How does your occu­pa­tion affect what you write?

I come up with so many sto­ries on the job that if I had the mon­ey I would hire a stenog­ra­ph­er to take down every­thing so I don’t for­get it. Con­struc­tion work is such a human occu­pa­tion, it’s all sweat and sto­ries and jokes. I’ll take a piece of a sto­ry I heard here, or a thing that I’ve seen there and even­tu­al­ly make a com­plete sto­ry of it. It can also be a very monot­o­nous job, doing the same thing over and over again to where you can let your mind drift, though you have to be care­ful not to nail your­self to a roof or cut off a limb while you’re “pre-writ­ing.”

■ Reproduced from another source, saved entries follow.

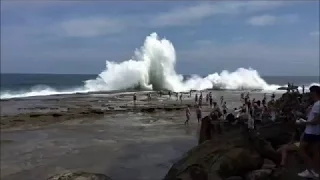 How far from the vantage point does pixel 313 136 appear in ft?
24.9

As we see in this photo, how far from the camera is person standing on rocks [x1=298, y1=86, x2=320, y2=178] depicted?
745 cm

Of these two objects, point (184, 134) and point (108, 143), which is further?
point (184, 134)

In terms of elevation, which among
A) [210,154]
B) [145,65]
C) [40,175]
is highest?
[145,65]

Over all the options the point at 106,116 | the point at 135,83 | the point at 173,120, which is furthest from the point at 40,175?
the point at 135,83

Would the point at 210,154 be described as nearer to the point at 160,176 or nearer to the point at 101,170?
the point at 160,176

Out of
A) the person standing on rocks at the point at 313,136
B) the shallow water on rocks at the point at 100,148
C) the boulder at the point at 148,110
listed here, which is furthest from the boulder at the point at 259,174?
the boulder at the point at 148,110

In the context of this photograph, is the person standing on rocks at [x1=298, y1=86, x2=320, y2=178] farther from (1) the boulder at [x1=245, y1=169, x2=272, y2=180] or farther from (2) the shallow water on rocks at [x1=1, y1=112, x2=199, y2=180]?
(2) the shallow water on rocks at [x1=1, y1=112, x2=199, y2=180]

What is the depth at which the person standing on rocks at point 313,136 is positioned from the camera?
7.45 m

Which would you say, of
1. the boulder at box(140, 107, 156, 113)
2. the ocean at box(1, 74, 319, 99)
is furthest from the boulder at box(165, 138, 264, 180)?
the ocean at box(1, 74, 319, 99)

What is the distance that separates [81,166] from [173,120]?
15700 mm

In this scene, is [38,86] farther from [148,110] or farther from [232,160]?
[232,160]

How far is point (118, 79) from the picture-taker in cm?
8538

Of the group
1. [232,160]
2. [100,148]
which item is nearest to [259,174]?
[232,160]

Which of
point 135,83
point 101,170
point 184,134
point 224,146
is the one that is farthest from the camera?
point 135,83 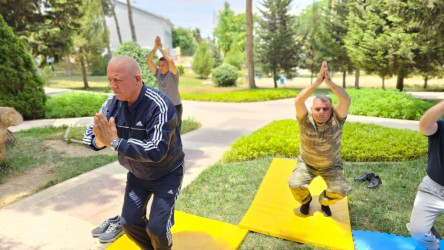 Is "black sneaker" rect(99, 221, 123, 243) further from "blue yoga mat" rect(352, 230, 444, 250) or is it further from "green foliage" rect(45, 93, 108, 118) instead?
"green foliage" rect(45, 93, 108, 118)

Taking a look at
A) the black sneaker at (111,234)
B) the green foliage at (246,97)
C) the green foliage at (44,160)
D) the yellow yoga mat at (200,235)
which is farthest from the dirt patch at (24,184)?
the green foliage at (246,97)

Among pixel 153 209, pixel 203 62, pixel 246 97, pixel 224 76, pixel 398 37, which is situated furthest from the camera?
pixel 203 62

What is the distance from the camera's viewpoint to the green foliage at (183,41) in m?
67.9

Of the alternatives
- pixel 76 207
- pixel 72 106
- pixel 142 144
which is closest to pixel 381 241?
pixel 142 144

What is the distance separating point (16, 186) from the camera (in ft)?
16.4

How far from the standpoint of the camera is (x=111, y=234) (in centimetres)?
349

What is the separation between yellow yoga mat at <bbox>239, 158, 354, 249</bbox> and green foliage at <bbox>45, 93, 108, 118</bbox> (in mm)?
9367

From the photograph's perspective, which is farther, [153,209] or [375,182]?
[375,182]

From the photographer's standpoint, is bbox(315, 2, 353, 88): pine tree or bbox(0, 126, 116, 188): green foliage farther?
bbox(315, 2, 353, 88): pine tree

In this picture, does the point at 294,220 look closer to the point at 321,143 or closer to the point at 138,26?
the point at 321,143

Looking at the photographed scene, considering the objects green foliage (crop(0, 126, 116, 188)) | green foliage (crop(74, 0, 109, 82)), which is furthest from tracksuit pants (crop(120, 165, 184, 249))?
green foliage (crop(74, 0, 109, 82))

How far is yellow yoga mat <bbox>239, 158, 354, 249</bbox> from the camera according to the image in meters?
3.31

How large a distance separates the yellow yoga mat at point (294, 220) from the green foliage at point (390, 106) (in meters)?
7.51

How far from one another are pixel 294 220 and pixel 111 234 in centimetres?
235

I know you also write poet­ry. Who are the poets you look to for inspi­ra­tion, both big press and small press?

I sup­pose my favorite poet would be Bukows­ki. I like his stripped down, unortho­dox style. I am real­ly into Clay Matthews now, a local writer from Greeneville, TN. And of course my wife’s poet­ry. And I’m not just say­ing that so I’ll get fried chick­en instead of beans tonight, she real­ly is one of my favorites. I have sel­dom met a truer writer of words. It’s one of the things that made me fall in love with her.

Do you feel it's a gift or hard­ship, being a south­ern writer and try­ing to pub­lish large­ly rur­al material?

It can be both, I think. I think some peo­ple not from the south might look at a book from a south­ern writer and think it can’t apply to them. But I think in gen­er­al, if it’s good and if it’s true, it will find a way. The truth always finds a way.

What are your plans for your pub­lish­ing future? Any new projects on the horizon?

I have anoth­er col­lec­tion of short sto­ries in the works. And a col­lec­tion of flash fic­tion. A book of poems, and two nov­els I am cur­rent­ly work­ing on.

Can you rec­om­mend some music for me and the madding crowd? I'm tired of every­thing I'm lis­ten­ing to these days.

I know how you feel. Music is almost as much a part of my life as read­ing and writ­ing. And once I get into an artist, I tend to dri­ve it right into the ground till I’m sick of it. Right now I’m lis­ten­ing to a lot of Choco­late Genius. He’s kind of a black Tom Waits.